Electrical conductivity of point microbridges and phonon and impurity spectroscopy in normal metals
Annotatsiya
A theory of the nonlinear effects in the electrical conductivity of metallic microbridges is constructed which is based on a model consisting of a hole of radius a in an impermeable partition separating two metallic half-spaces. The electron distribution function, which is a function of the coordinates and which is sharply anisotropic in momentum space, and the electric field distribution in the vicinity of the constriction are found in the limit 1 ⪢ a (where 1 is the electron mean free path). The current–voltage characteristic of the bridge contains nonlinearities induced by inelastic relaxation of electrons on phonons and also on impurities with internal degrees of freedom. The second derivative of the current with respect to voltage is proportional to the constriction spectral function G(ω), which differs from the electron–phonon coupling function normally employed g(ω) by the presence of an additional structure factor K(v,v′) allowing for the geometry of the constriction.
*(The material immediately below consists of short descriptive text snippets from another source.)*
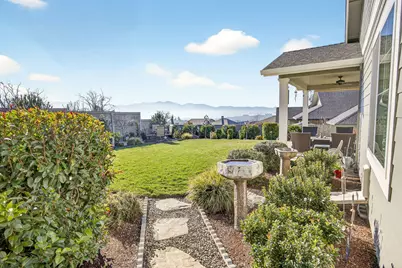 4084 Crystal Springs Drive, Medford, OR 97504 - Photo 24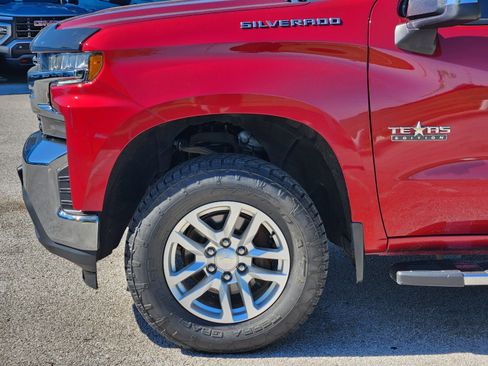 Used 2021 Chevrolet Silverado 1500 LT image 25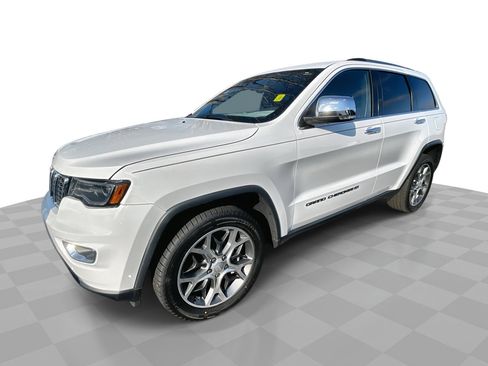 Used 2022 Jeep Grand Cherokee Limited w/ Trailer Tow Group IV image 1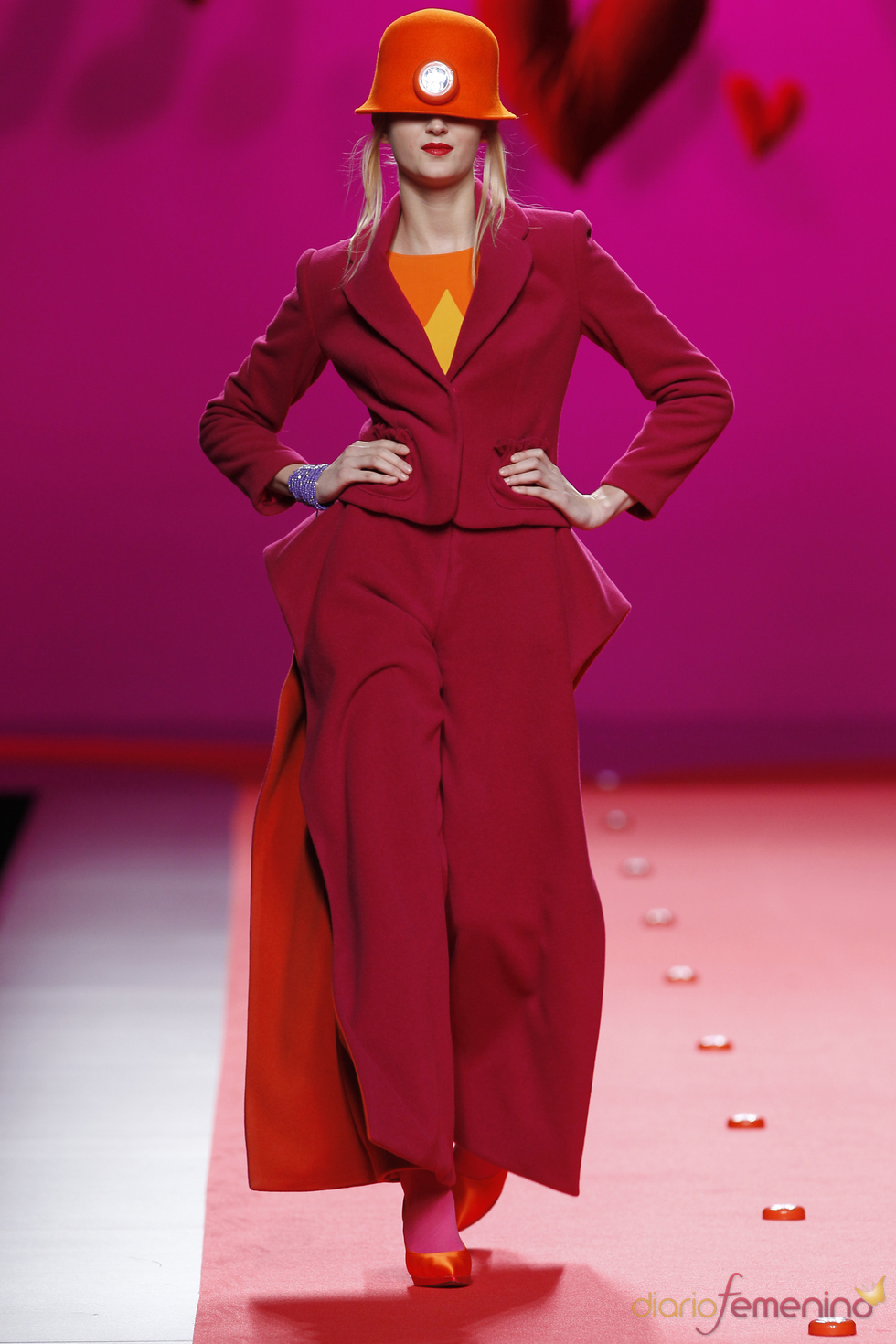 Las caderas ganan volumen con Agatha Ruiz de la Prada en Cibeles 2011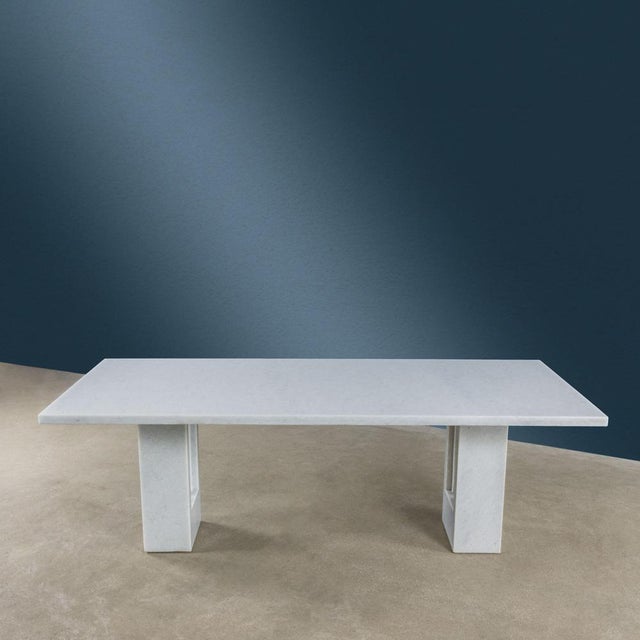 Marble table model Delfi, produced by Simon from 1969. The Delfi table is the result of a reworking by Carlo Scarpa of a...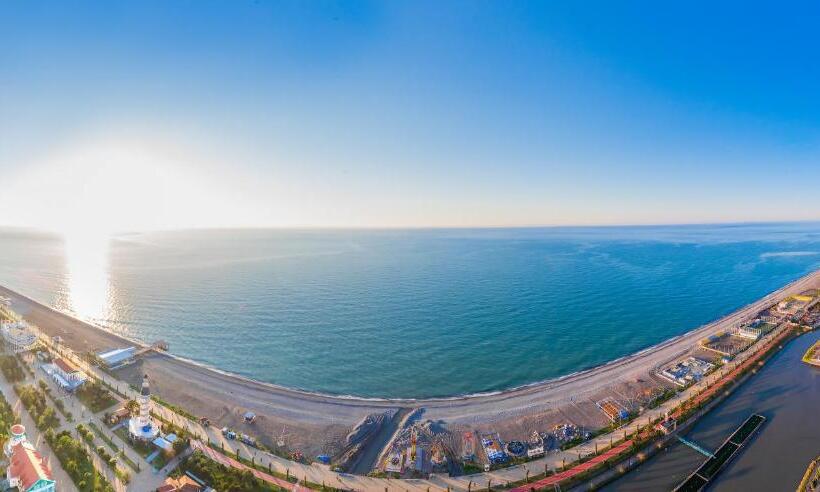 سوییت جونیور با چشم‌انداز دریا, Orbi City Hotel Official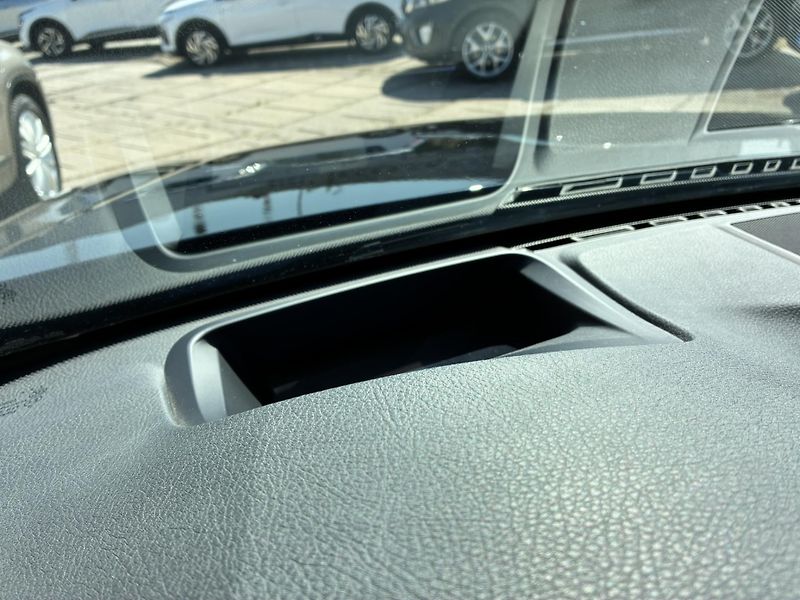 BMW Řada 3 320d 135kW xDrive - fotka 17 z 26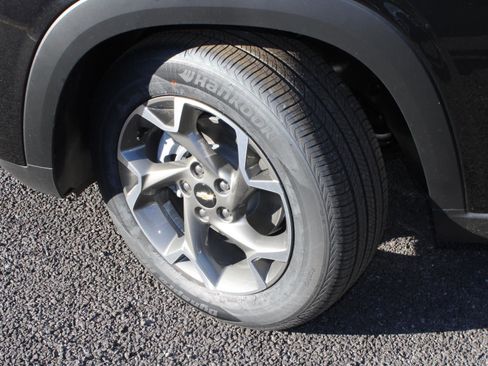 New 2025 Chevrolet Trax LT w/ LT Convenience Package image 17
At small frequenceis (ω ⪡ ωD) the function G(ω) is proportional to ω4; at frequencies ω ∼ ωD the constriction spectral function G(ω) reflects the singularities of the phonon density of states (including the van Hove singularities). In the case of inelastic scattering of electrons on impurities localized near the hole, the function G(ω) contains peaks corresponding to the discrete impurity excitation levels.